3. Jamur dengan bukti kuat untuk sensitivitas iklim

3.1. Dermatofitosis

Dermatofitosis adalah infeksi pada rambut, kulit, atau kuku yang disebabkan oleh spesies
kapang Microsporum , Epidermophyton , atau Trichophyton . Organisme penyebab
diklasifikasikan sebagai anthrophilic (reservoir manusia), zoophilic (reservoir hewan), atau
geophilic (reservoir tanah); organisme zoofilik dan geofilik biasanya menyebabkan lebih
banyak lesi inflamasi. Temuan kulit biasanya termasuk plak merah, bersisik, sering
berbentuk anular (Gbr. 1). Dermatofit sensitif terhadap perubahan suhu dan kelembaban,
dibuktikan dengan distribusi khas mereka di tempat tubuh yang hangat dan lembab [9].
Memang, aktivitas keratinase dermatofit, proksi dari infekabilitas kulit , tertinggi pada 30-
40 ° C [10]. Diagnosis tinea cor poris telah dilaporkan di beberapa negara lebih tinggi di
musim hujan [5]. Di Prancis, peningkatan signifikan dermatofitosis yang disebabkan oleh
T. verrucosum diamati antara 2012-2016, dan jumlah kasus tahunan berkorelasi positif
dengan curah hujan tahunan rata-rata [6]. Dalam sebuah studi dari tiga zona eko-iklim di
Mali, prevalensi tinea capitis tertinggi di zona dengan kelembaban yang lebih besar [11].
superfi Infeksi jamur, khususnya tinea corporis , telah dilaporkan terjadi lebih sering setelah
banjir, misalnya, setelah Tsunami Samudra Hindia (2004) [12] dan Badai Katrina di AS
(2005) [13]. Selain itu, tinea pedis lebih sering terjadi setelah kontak yang terlalu lama dan
perendaman kaki di air banjir [14].

Dalam dua dekade terakhir, epidemiologi dermatofitosis di India telah bergeser secara
substansial.
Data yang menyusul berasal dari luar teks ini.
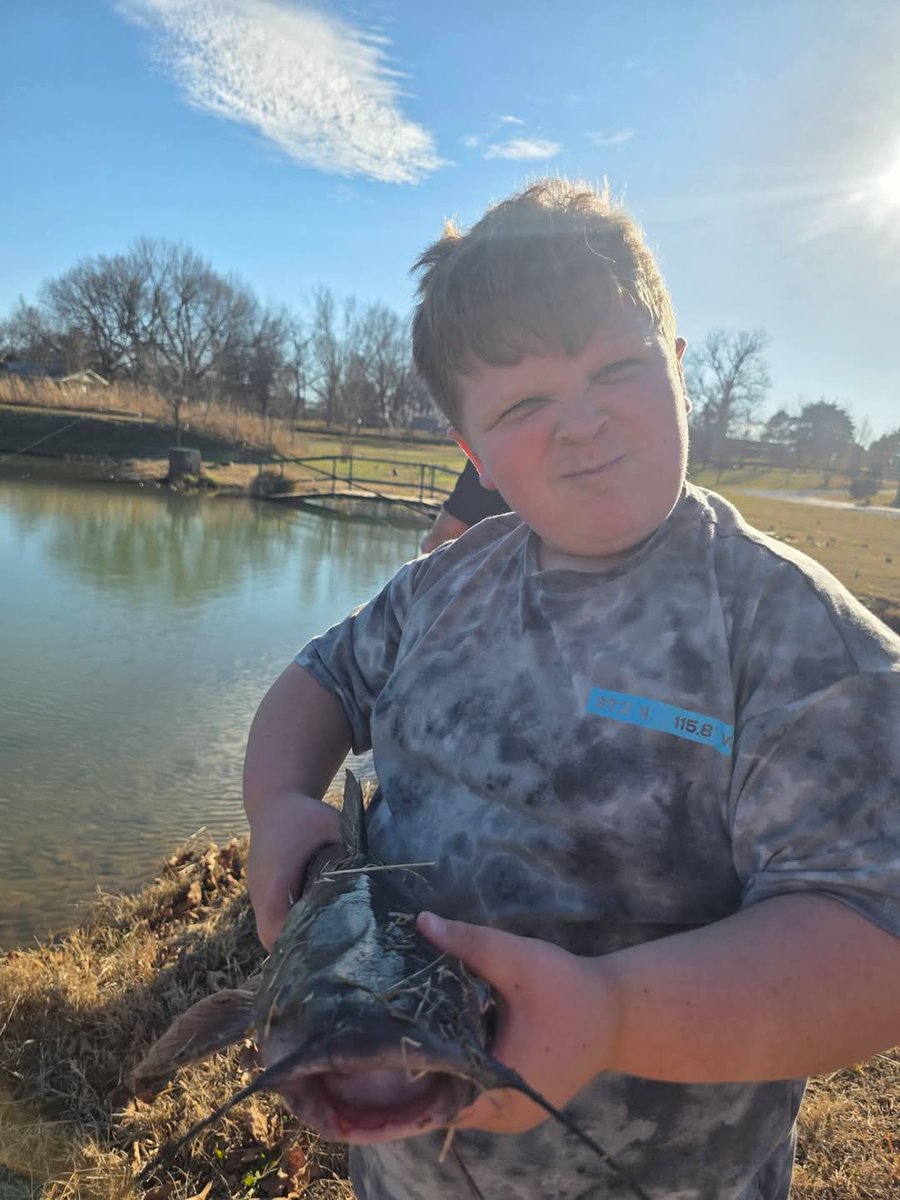stonergump420's tweet image. This weather is so odd! Christmas day and its 78°! We wished for snow and instead caught fish! 
Fishing after a huffleapuff is one of my favorite elevated activities! Every fish seems like a monster! #fypageシ #comedy #humor #trendingpost #fblifestyle #parenting #couplegoal #fish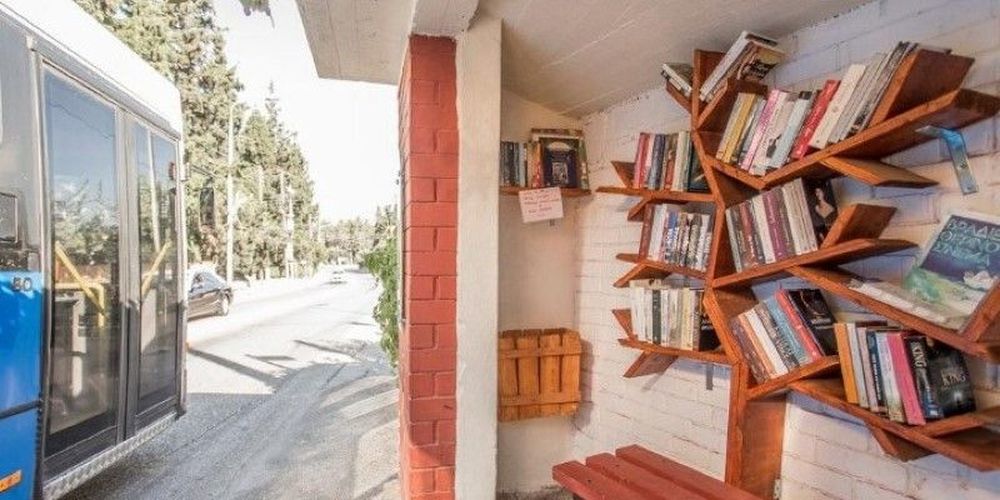 Η Θεσσαλονίκη γέμισε με βιβλιοθήκες σε στάσεις λεωφορείων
Pertama, prevalensi secara keseluruhan meningkat, dan telah dihipotesiskan
bahwa peningkatan suhu lingkungan rata-rata dan kelembaban di India, di mana ada
gelombang panas yang sangat parah baru-baru ini, mungkin menjadi faktor penyebab [15].
Kedua, telah terjadi perubahan dalam karakteristik klinis pada presentasi ke arah beban
yang lebih besar dari lesi inflamasi yang sangat luas serta pergeseran organisme penyebab
yang paling umum [16]. Satu studi menegaskan T. mentagrophytes sebagai penyebab lebih
dari 90% dermatofitosis di India, sedangkan T. rubrum sebelumnya merupakan patogen
yang paling umum [17]. Ini jauh di atas prevalensi 20-25% spesies ini di seluruh dunia
[15]. Temuan ini mengkhawatirkan karena resistensi T. mentagrophytes terhadap
terbinafine , pilihan pengobatan yang menonjol, muncul [16]. Sebagai catatan, T. rubrum
yang tahan terbinafine dermatofita toses juga baru-baru ini dilaporkan dari Eropa [18].

3.2. Kromoblastomikosis

Chromoblastomycosis adalah penyakit tropis terabaikan (NTD) yang disebabkan oleh


sekelompok jamur dematiaceous (berpigmen gelap) [19]. Fonsecaea pedrosoi adalah
patogen penyebab paling umum, diikuti oleh Phialophora verrucosa dan Cladophialophora
carrionii [7,19]. Lesi kulit muncul setelah inokulasi traumatis dari sumber lingkungan [20].
Temuan kulit mungkin termasuk papula berwarna kulit yang berkembang menjadi nodul
verukosa, berkrusta, atau ulserasi. Predileksi akral adalah umum (Gbr. 2), dan gejala sisa
dapat melemahkan [19]. Limfedema sekunder dan pruritus dapat terjadi [19].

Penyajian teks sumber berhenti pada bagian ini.